Al cierre de este informe en NOV no hay ajustes de precios en todos los días y horas, porque el índice diario de gas en MIBGAS ha resultado superior al precio de referencia del gas (63,9 €/MWh) haciendo inútil la excepción ibérica, sin existir un mecanismo para incentivar una bajada correctiva de los precios del gas ni de la electricidad. Aún queda mucho recorrido para alcanzar niveles de precios competitivos tanto de electricidad como de gas. Muchísimo por hacer. No basta quedarse de brazos cruzados y seguir especulando a ver si los precios del gas siguen cayendo, o bien que por arte de magia concluyan (no empeoren) las guerras en Ucrania e Israel. Los presupuestos tan elevados de la energía están obligando el cierre parcial o total de industrias y PYMES, o bien a la deslocalización hacia otros países donde se preocupan en establecer medidas eficaces a favor de las industrias.

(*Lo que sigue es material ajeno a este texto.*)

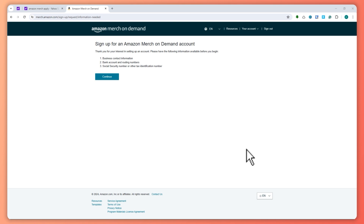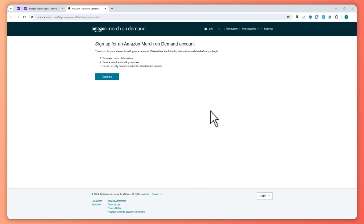Here we are on the Merch On Demand Amazon webpage. You need to go to merch.amazon.com/sign-up/request/information-needed. But before you get here, you would need to sign in to your Amazon account first, and of course, you need to accept the terms of service.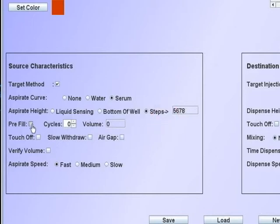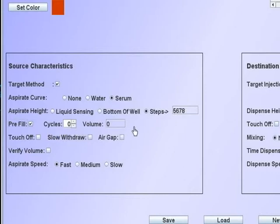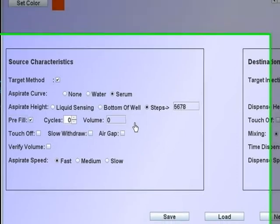The pre-fill function may be used to pre-wet the tip with a defined number of cycles and volume. This function should be used when pipetting organics. When pipetting organics, it is necessary to fill the tip headspace with the organic vapors to prevent dripping.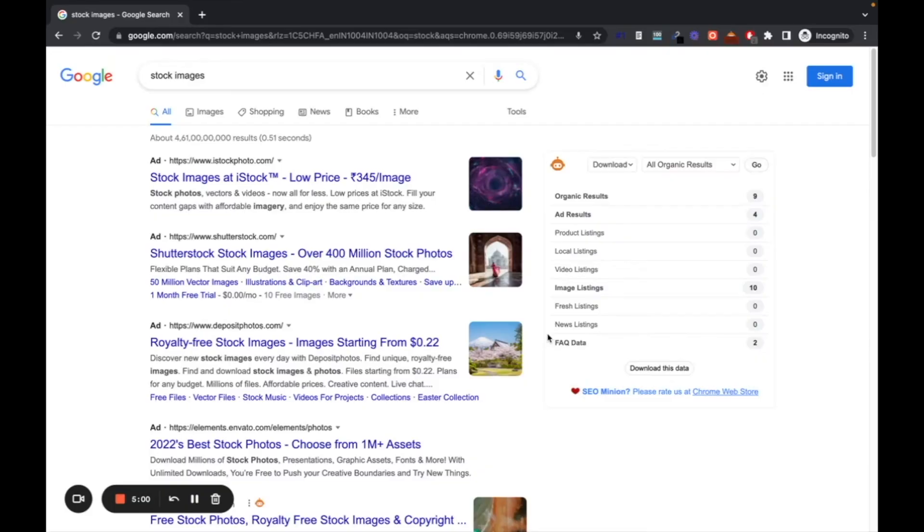This method will remove all the watermarks from the image and you can easily use it on your website. So let's jump on my screen. Alright, first go to Adobe Stock.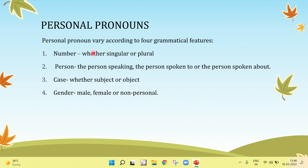Personal pronouns vary according to four grammatical features: number, person, case, and gender. Let's see them in detail.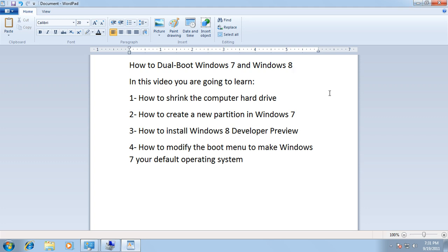Hi guys, welcome to this Pinifotech video tutorial. In this video we're going to go over how to dual boot Windows 7 and Windows 8. You're going to be learning several things, like how to shrink the computer hard drive to make space to install Windows 8, how to create a new partition in Windows 7, how to install Windows 8 Developer Preview, and how to modify the boot menu to make Windows 7 your default operating system. So with that, let's get started.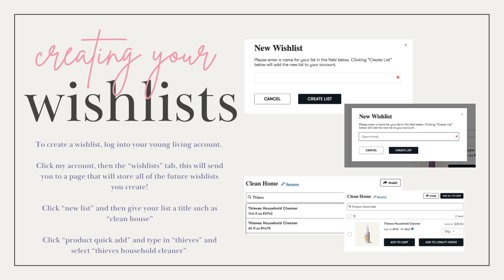Then you'll type in the products you want to add to that list. For example, you could type in Thieves and it will pull up the entire list of Thieves products, and then you can select the Thieves Household Cleaner. At that point, click Add to Wishlist, and it will appear in your Clean House Wishlist. You can then add other products to this wish list as well — for this one, you might want to add the dish soap or the scrub. Any other products you want to add, you simply follow that same process.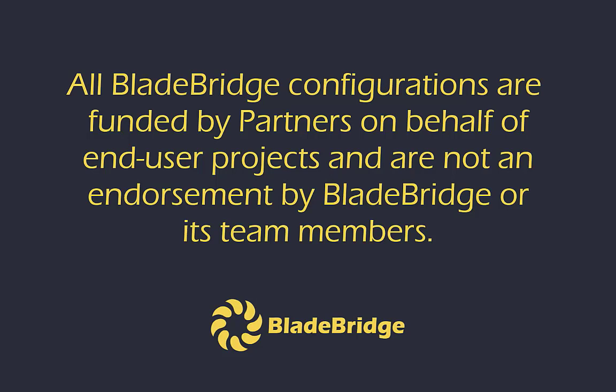All BladeBridge configurations are funded by partners on behalf of end-user projects and are not an endorsement by BladeBridge or its team members.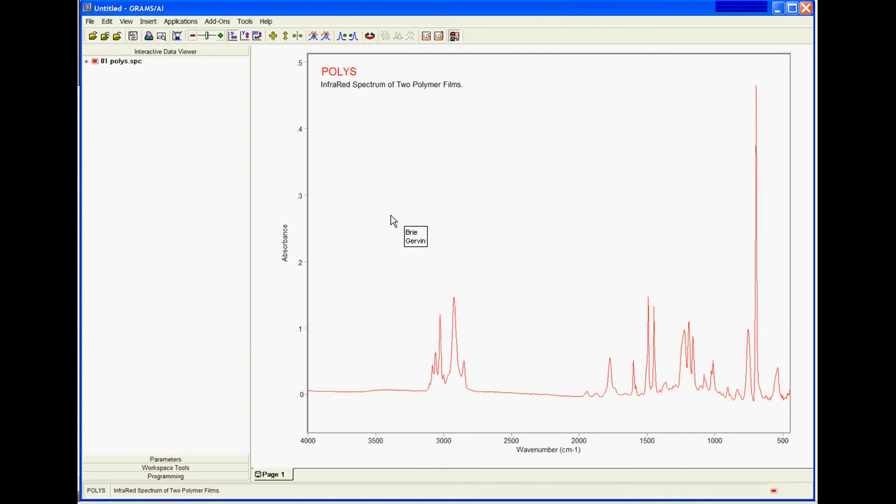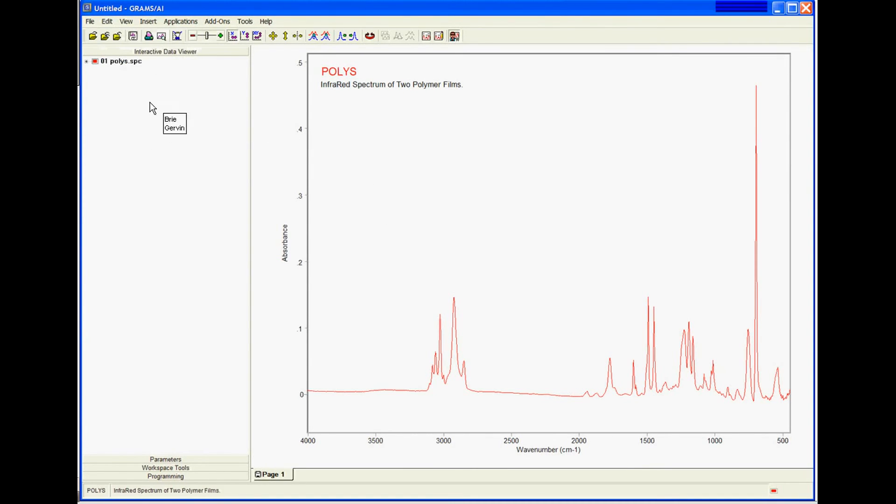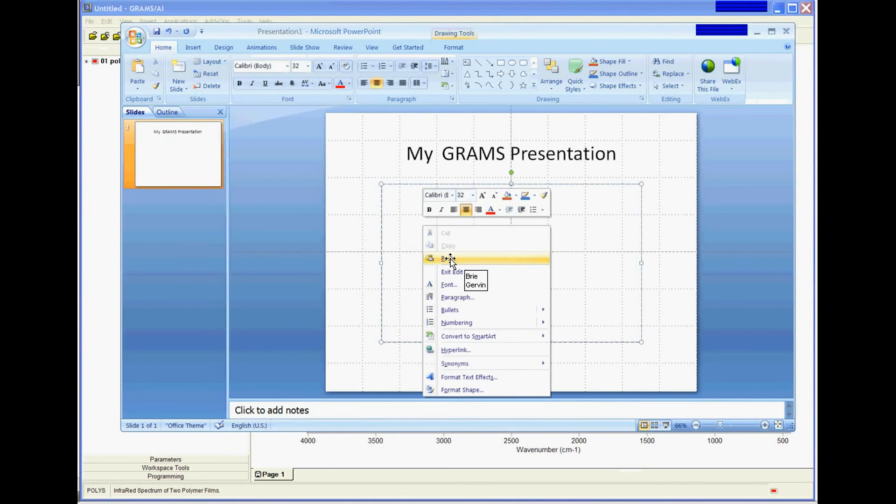I'm going to copy this now into PowerPoint. Edit, copy. Go over to PowerPoint, right-click and choose Paste.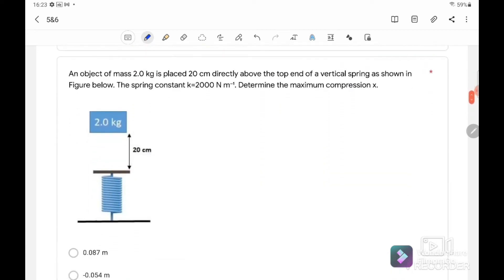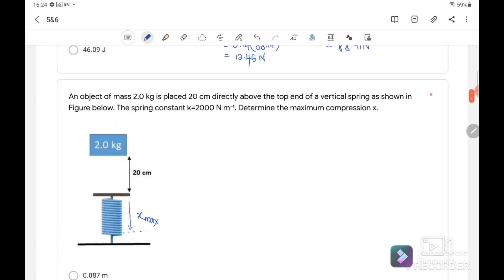Question number 4. An object of mass 2 kg is placed 20 cm directly above the top end of a vertical spring. The spring constant is 2000 N/m. We need to determine the maximum compression. When the object falls and compresses the spring to maximum compression x_max, this is a conservation of energy problem. Label the initial point as A and the final maximally compressed point as B. The total energy at A must equal the total energy at B.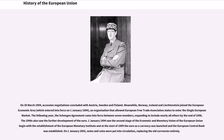On March 30, 1994, accession negotiations concluded with Austria, Sweden, and Finland. Meanwhile, Norway, Iceland, and Liechtenstein joined the European Economic Area, an organization that allowed European Free Trade Association states to enter the single European market. The following year, the Schengen Agreement came into force between seven members, expanding to include nearly all others by the end of 1996.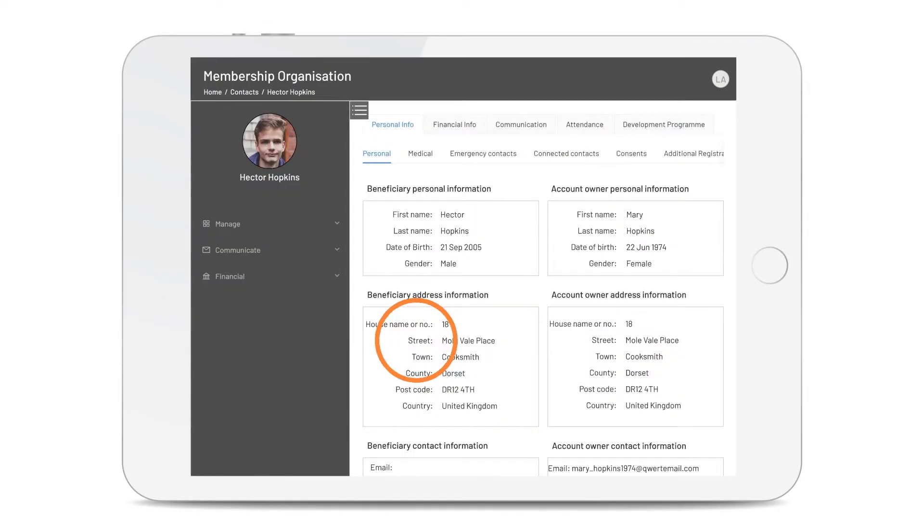And again, you can click into a person's record to see their information, and the parent as the account owner, where relevant.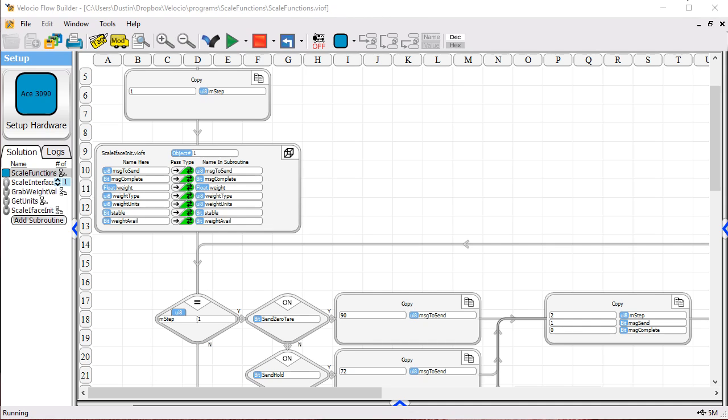Now let's take a look at how this program is implemented in vBuilder. As you can see, we've got a small program here that consists of a main program called Scale Functions.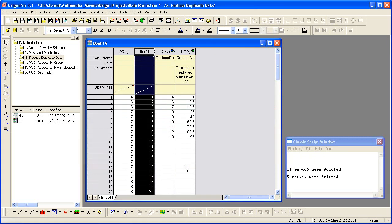Two columns were added with no duplicate X values. The following data reduction functions are available in Origin Pro only.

El susodicho tope o techo de gas es realmente un suelo del precio de gas para los compradores. En ningún momento se ha capado el precio del MIBGAS para definir la excepción ibérica como un techo del gas. Tampoco se ha rectificado para volver a establecer el tope del precio del mercado mayorista en torno a 180 €/MWh. Las plantas térmicas, especialmente las turbinas de gas de ciclo combinado (CCGT’s) ahora cuentan con un incentivo establecido de forma regulada para no comprar gas más barato, sabiendo el índice del MIBGAS para el día de entrega (Prgn), que se le compensará respecto al de referencia (63,9 €/MWh en NOV 2023) aunque su precio real de adquisición de gas sea más barato.
El aumento de la volatilidad y del nivel de los precios del pool coinciden con el inoportuno cambio regulatorio establecido por el gobierno a inicios de Julio 2021, amparado por la transposición de medidas paneuropeas. Nuevas reglas del pool:
- Los límites mínimos y máximos de los precios horarios del pool (mercado diario) han pasado de la banda inicial [0, +180 €/MWh] a la nueva banda [-500, +3.000 €/MWh]. Aún no se ha notado el efecto de que se pague por consumir energía (precios negativos), equivalente a que los generadores paguen por no parar y arrancar de nuevo, e inclusive se pueda cobrar por bombear (cargar) aguas arriba de un embalse (una batería) para turbinar (descargar) en horas de precios altos (positivos).
- Los límites mínimos y máximos de los precios horarios de los mercados intradiarios (continuos) han pasado de la misma banda inicial [0, +180 €/MWh] a la nueva banda [+/-9.999 €/MWh], máximo valor que permite el display/campo de la plataforma electrónica del mercado, una auténtica locura sin pies ni cabeza, un disparate que no tiene ninguna justificación técnico-económica-financiera-ambiental-legal.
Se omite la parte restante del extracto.